Tina Curtis, a lead cook in the New Haven, Conn., school system, was a member of Unite Here, a traditionally private-sector union that also represents some public employees. After Janus, Unite Here representatives gave Ms. Curtis and her public-employee colleagues union cards that said they were “required, as a condition of employment, to pay dues and/or fees to the Union.” While perhaps legal for Unite Here’s private-sector bargaining units in Connecticut, Janus prohibited such a requirement for public employees like Ms. Curtis.
Once she discovered her rights, Ms. Curtis filed a lawsuit to assert them. Though Unite Here had even enshrined its unconstitutional requirement in Ms. Curtis’s contract, the union backed down when challenged in court. Ms. Curtis won a settlement that voided the union cards, refunded her dues and stripped the language that violated Janus out of the contract covering her and her colleagues.
In New York, Long Island Rail Road employee Ray Michielini encountered antiquated union policies bordering on absurdity. His union was operating under a collective-bargaining agreement dating from 1952, which required all employees to be full union members of the International Brotherhood of Electrical Workers, or IBEW.

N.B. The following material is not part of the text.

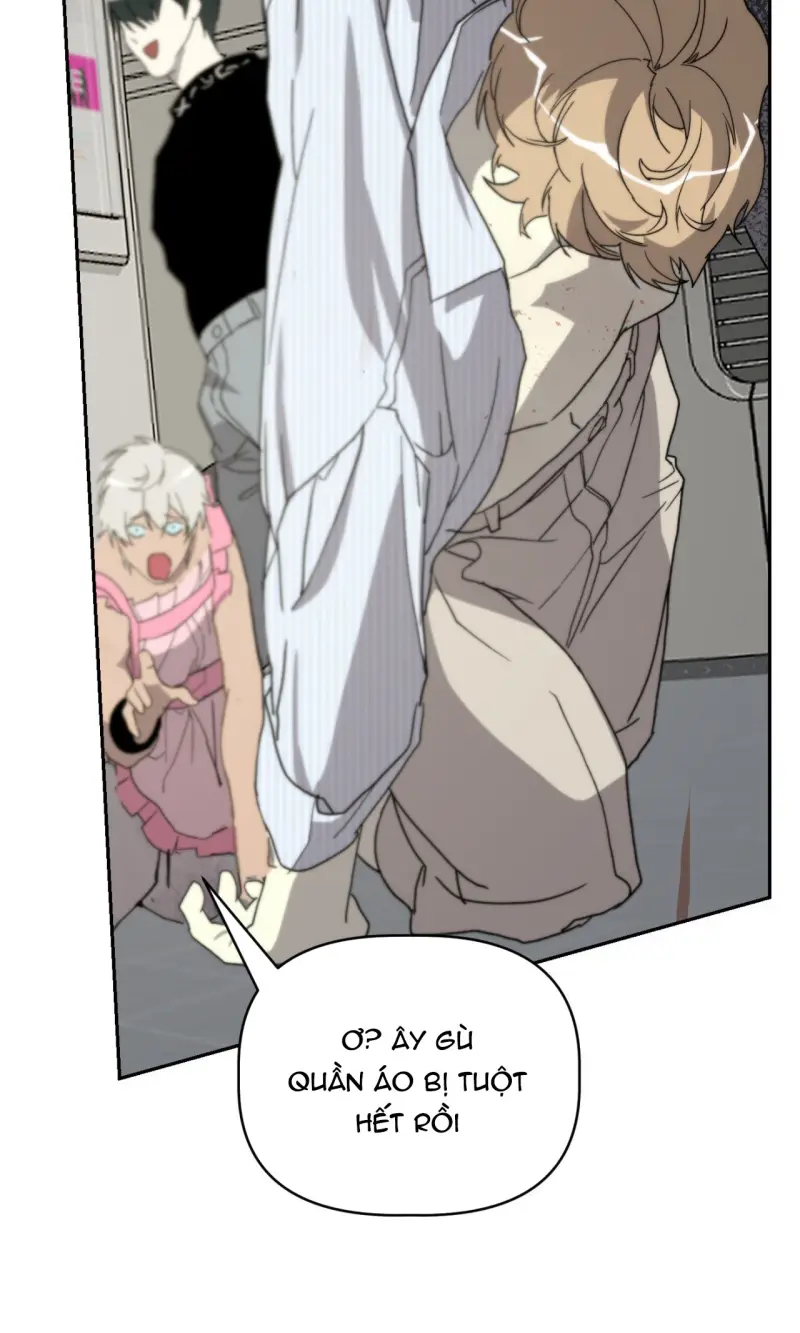 BẠN CÙNG LỚP MẪU GIÁO MẶT TRỜI -  - Trang 81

Though the union largely represents private employees, the railroad is a public employer under state law—so its employees have First Amendment protections.
Mr. Michielini claims that when he submitted his union resignation, IBEW officials retaliated by blocking him from working overtime. He had to file a federal lawsuit asserting his constitutional rights to force the union into a settlement that paid him back for his lost wages and guaranteed that the union and his employer wouldn’t engage in future retaliation.

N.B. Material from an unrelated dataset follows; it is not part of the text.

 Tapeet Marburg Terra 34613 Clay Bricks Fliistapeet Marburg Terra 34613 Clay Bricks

Then there’s the case of the principal timpanist in the Allentown Symphony Orchestra. Glen Wilkofsky won his spot in the Pennsylvania orchestra and joined the American Federation of Musicians more than 20 years ago. In a complaint filed in U.S. District Court for the Eastern District of Pennsylvania, Mr. Wilkofsky claims that when he chose to leave the union in 2020, officials cited a contract that required him to make dues payments to the union. Mr. Wilkofsky says the union suspended him and threatened to have him fired.
In court filings following Mr. Wilkofsky’s lawsuit, union and symphony officials acknowledged that the union was certified under Pennsylvania’s public-employee statute. In fact, state law defines the symphony as a “public employer” and Mr. Wilkofsky as a “public employee.” The symphony and union dispute that this entitles Mr. Wilkofsky to Janus rights. If his litigation succeeds, Mr. Wilkofsky could make Janus rights accessible to his fellow symphony musicians.
When traditionally private unions take on representation of public employees, they need to know the rules are different. The Constitution has something to say about the rights of public employees even in non-right-to-work states. Four years after Janus, litigation is teaching traditionally private-sector union officials that they can’t ignore the Supreme Court and deny public employees their First Amendment rights.
Nathan McGrath is president and general counsel for the Fairness Center.